» TASK INPUT
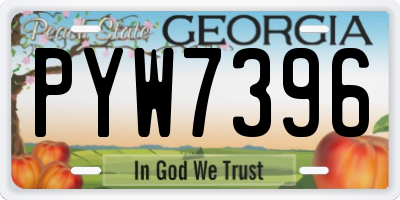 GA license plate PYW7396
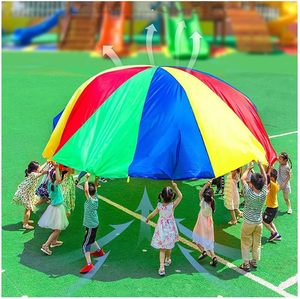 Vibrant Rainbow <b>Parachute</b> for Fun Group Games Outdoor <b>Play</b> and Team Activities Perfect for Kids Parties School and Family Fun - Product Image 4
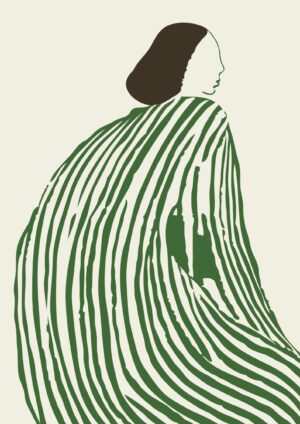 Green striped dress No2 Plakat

...

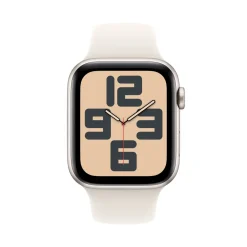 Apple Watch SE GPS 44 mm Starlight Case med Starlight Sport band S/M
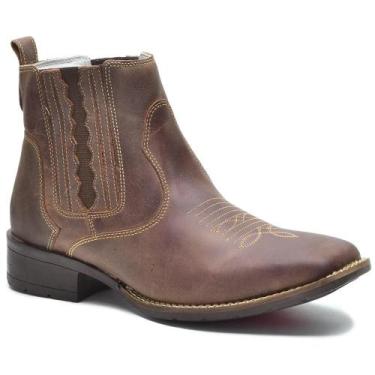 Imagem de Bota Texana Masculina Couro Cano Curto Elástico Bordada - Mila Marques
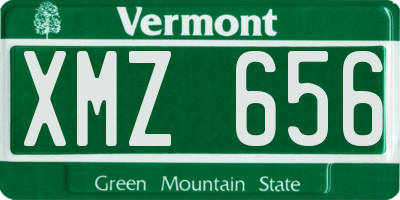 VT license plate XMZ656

---

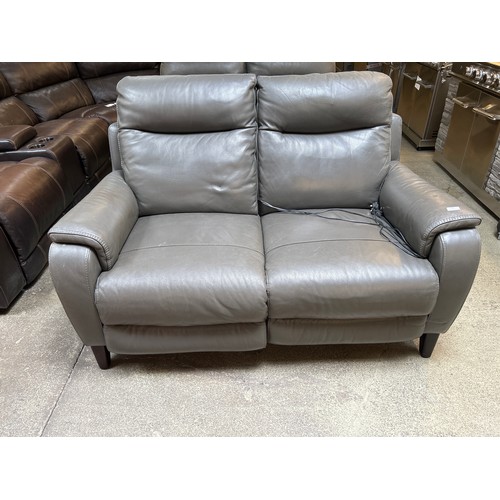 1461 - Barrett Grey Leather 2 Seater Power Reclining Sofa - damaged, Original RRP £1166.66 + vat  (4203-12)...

» ABOUT THIS EXERCISE
Set down again, word for word, every line from the one with "Vibrant Rainbow <b>Parachute</b>" to the one with "Green striped dress No2 Plakat" in the entries above, and omit the pictures.

» ANSWER FOR THIS EXERCISE
 Vibrant Rainbow <b>Parachute</b> for Fun Group Games Outdoor <b>Play</b> and Team Activities Perfect for Kids Parties School and Family Fun - Product Image 4
 Green striped dress No2 Plakat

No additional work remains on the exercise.